Try it - Return the whole listing exactly, omitting the pictures.
########################################
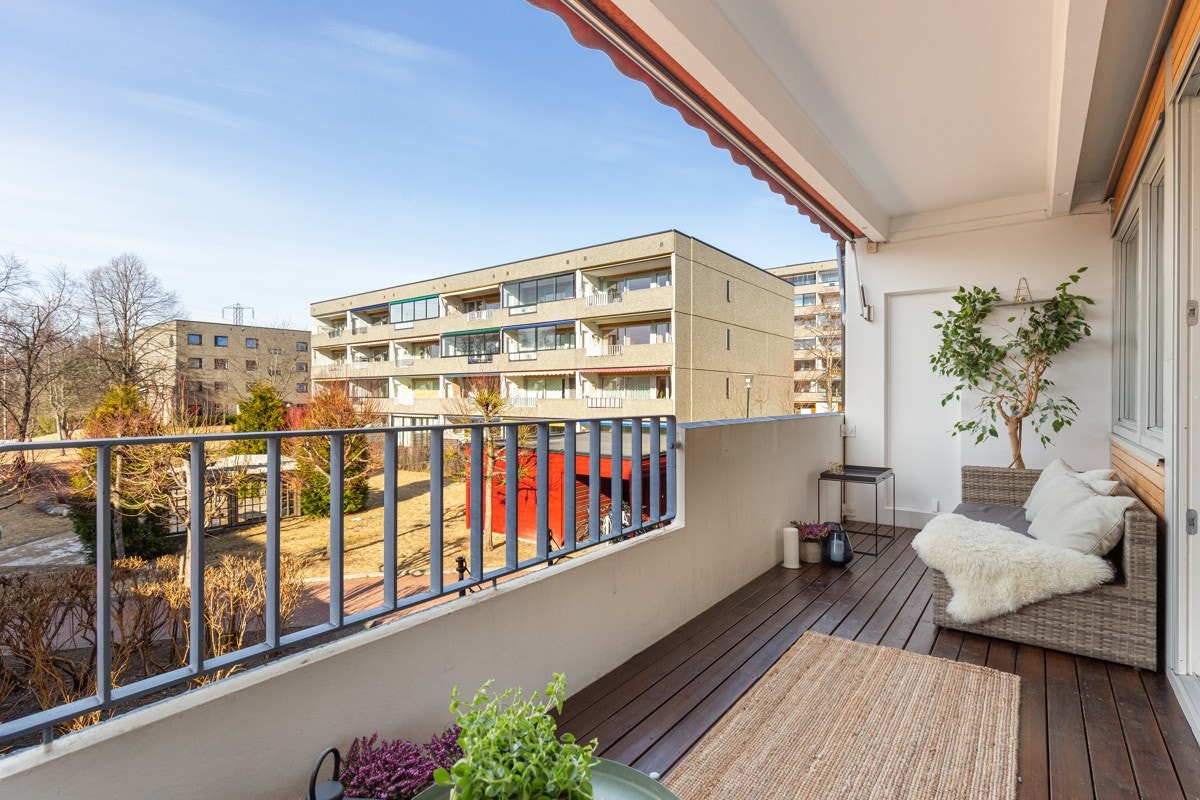 Vi tar en siste tur ut. Det er montert elektrisk markise for effektiv solskjerming. Galleribilde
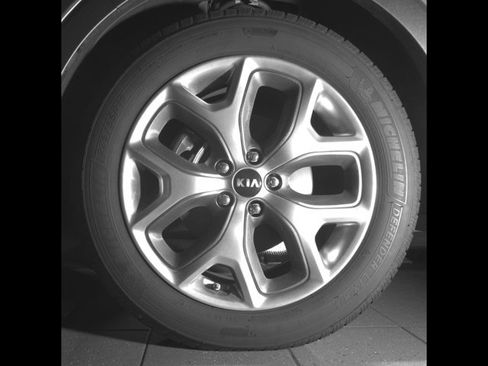 Used 2019 Kia Sorento SX w/ SX Touring Package AWD/4WD image 9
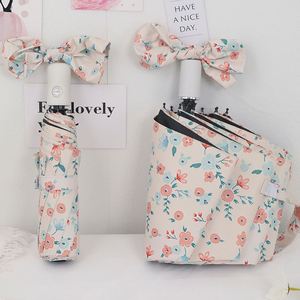 Sombrilla Plegable Anti-UV con Estampado de Flores Amarillas Pequeñas y Goma Negra, para Viajes, Días Soleados y Lluviosos, con Logotipo Personalizado - Product Image 4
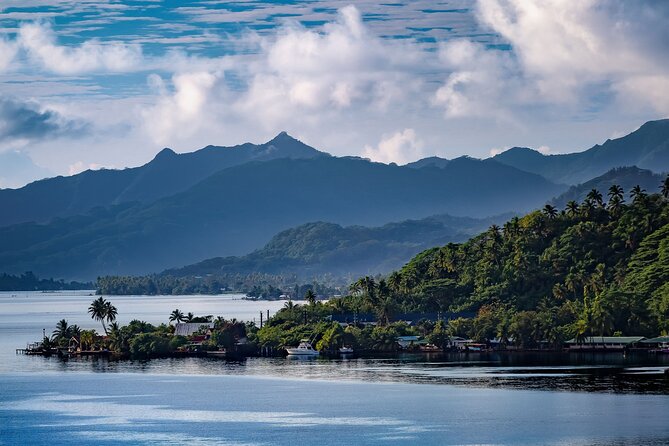 Explore Tahiti Nui, its landscapes and iconic sites. - Maraa Grotto and the cool air underground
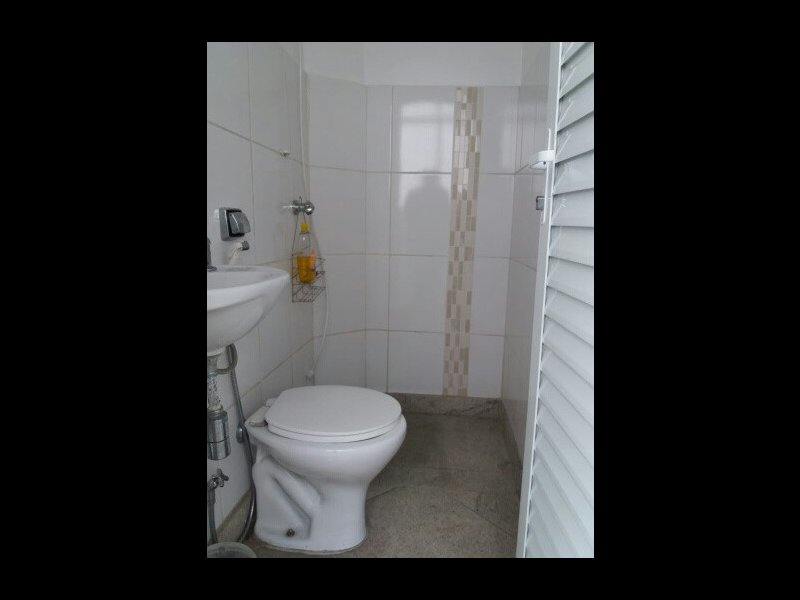Apartamento à venda Gonzaga com 180m² e 3 quartos por R$ 800.000 - 770852802-wc-emp.jpg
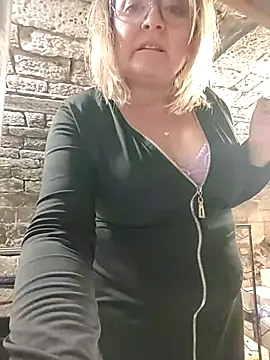 [19 Sep 22:21] Private Show - video by lady_charlyne cam model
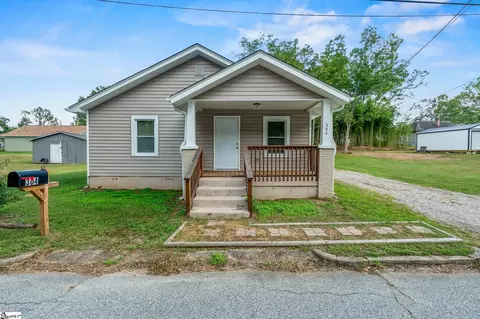 304 Cherry St, Belton, SC 29627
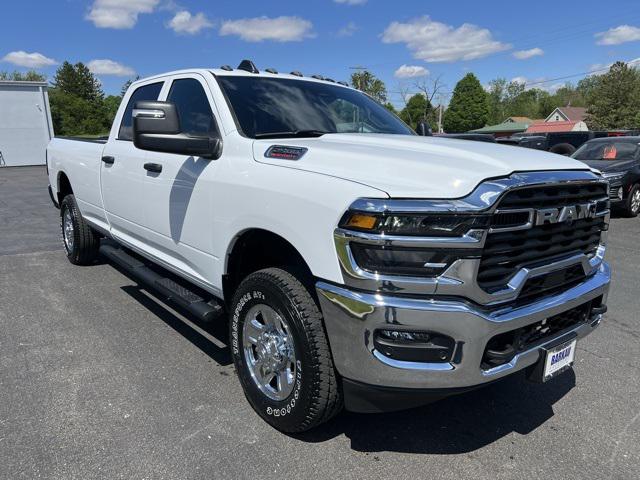 2025 RAM Ram 2500 RAM 2500 TRADESMAN CREW CAB 4X4 8 BOX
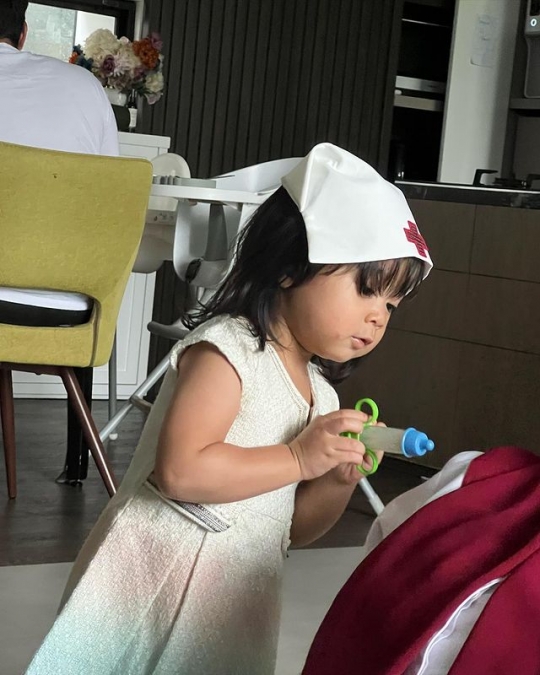 6 Potret Terbaru Aruni Anak Caca Tengker Jelang Usia 1,5 Tahun, Cute Banget!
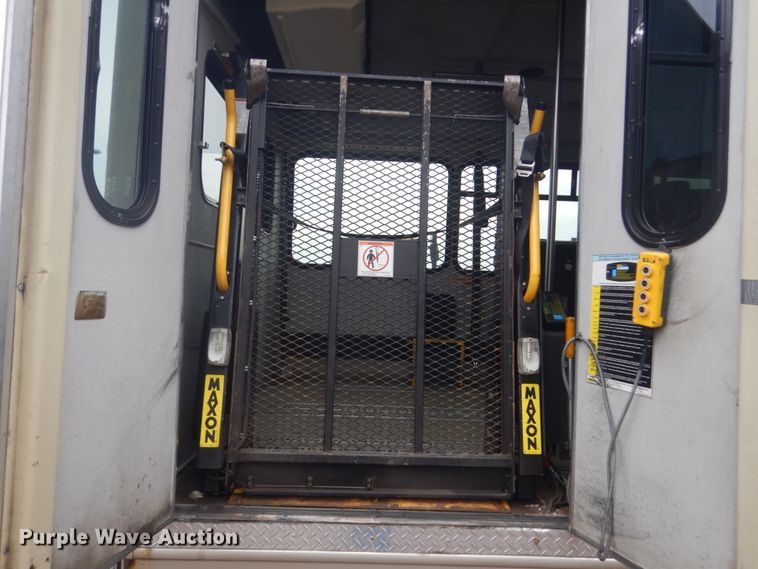 image for item HI9978 2010 Ford F650 Super Duty  shuttle bus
########################################
Result -
 Vi tar en siste tur ut. Det er montert elektrisk markise for effektiv solskjerming. Galleribilde
 Used 2019 Kia Sorento SX w/ SX Touring Package AWD/4WD image 9
 Sombrilla Plegable Anti-UV con Estampado de Flores Amarillas Pequeñas y Goma Negra, para Viajes, Días Soleados y Lluviosos, con Logotipo Personalizado - Product Image 4
 Explore Tahiti Nui, its landscapes and iconic sites. - Maraa Grotto and the cool air underground
Apartamento à venda Gonzaga com 180m² e 3 quartos por R$ 800.000 - 770852802-wc-emp.jpg
 [19 Sep 22:21] Private Show - video by lady_charlyne cam model
 304 Cherry St, Belton, SC 29627
 2025 RAM Ram 2500 RAM 2500 TRADESMAN CREW CAB 4X4 8 BOX
 6 Potret Terbaru Aruni Anak Caca Tengker Jelang Usia 1,5 Tahun, Cute Banget!
 image for item HI9978 2010 Ford F650 Super Duty  shuttle bus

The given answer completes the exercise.